According to the U.S. Census Bureau’s American Community Survey, New Mexico had the second-worst poverty rate in the nation in 2011, with 21.5 percent of the state’s population – or 439,914 – living in poverty.
“We’ll send in an application to the federal hub,” Nuñez said. “The federal government will verify citizenship, the income of the individual. If the individual qualifies for Medicaid, we’ll send them to Medicaid. If they don’t qualify, we’ll show them a range of plans (on New Mexico’s exchange) and subsidies they might qualify for. Even if they don’t qualify for subsidies, we’ll show them insurance plans.”

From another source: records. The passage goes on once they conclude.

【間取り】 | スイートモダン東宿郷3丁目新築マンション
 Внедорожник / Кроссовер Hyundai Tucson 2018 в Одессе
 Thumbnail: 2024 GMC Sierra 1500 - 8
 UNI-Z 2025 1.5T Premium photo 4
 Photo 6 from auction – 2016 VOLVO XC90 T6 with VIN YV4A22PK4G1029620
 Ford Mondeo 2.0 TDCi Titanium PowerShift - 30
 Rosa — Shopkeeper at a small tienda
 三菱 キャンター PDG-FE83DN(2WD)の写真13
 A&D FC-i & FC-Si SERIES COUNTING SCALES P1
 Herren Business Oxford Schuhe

New Mexicans who make more than 138 percent of the federal poverty level — around $15,000 for an individual and nearly $32,000 for a family of four — are eligible to use the exchange.
New Mexicans making 138 percent of the federal poverty level or lower will qualify for Medicaid after the governor announced Wednesday she would expand the program under the health care law.
The state must also consider New Mexico’s ethnic, racial and linguistic diversity.
New Mexico is home to 22 federally recognized tribes, meaning about 200,000 Native Americans live in New Mexico, or close to a tenth of the state’s population. Some Native Americans feel more comfortable conversing in their tribal language, of which there are several in New Mexico, than in English.
In addition, some New Mexicans prefer to only speak Spanish.
To market the exchange, then, the state must find people who know how the exchange works in all its intricacy and can translate that clearly. But in addition to finding English and Spanish speakers, New Mexico must find speakers fluent in one or more of the tribal languages spoken in New Mexico.
The alliance already is working with tribal representatives to develop ways to communicate specifically to Native Americans, such as using public service announcements on radio shows such as Native American Calling, Singing Wire, and through the Native American Radio.
The challenges ahead
Another challenge facing New Mexico is ensuring that residents can access health care once they use the exchange.
Only one of New Mexico’s 33 counties – Los Alamos – has enough providers to adequately care for its population, according to the federal government’s Health Resources and Services Administration.
“It’s all hands on deck. We need nurses, nurse practitioners,” said Dr. Arthur Kaufman, of the Office for Community Health at UNM Health Sciences Center in Albuquerque.
Retired physician J.R. Damron agreed.
“You can have all the insurance you want, but if you can’t get in to see your providers, then there’s going to be an access-to-care problem,” said Damron, a former gubernatorial candidate who has pushed for an exchange in New Mexico for several years.
Trying to accommodate New Mexicans who would rather buy health insurance in person than online gives officials another matter to resolve.
“We are working on that right now,” Nuñez said, adding the alliance plans to set up a call center to handle customer calls and help people enroll.
“We’re thinking of having the call centers refer brokers and navigators out to in-person calls.”
That would satisfy many tribal members, said Ken Lucero, director of the Robert Wood Johnson Foundation Center for the Native American Health Policy at the University of New Mexico. “We are going to see our people wanting to sit down with a person.”
Roxane Bly, Director of the Bernalillo County Off-Reservation Native American Health Commission, considers an in-person option important.
“Most people wouldn’t buy a car over the Internet,” she said. “Most people wouldn’t do that. They want to meet face to face.”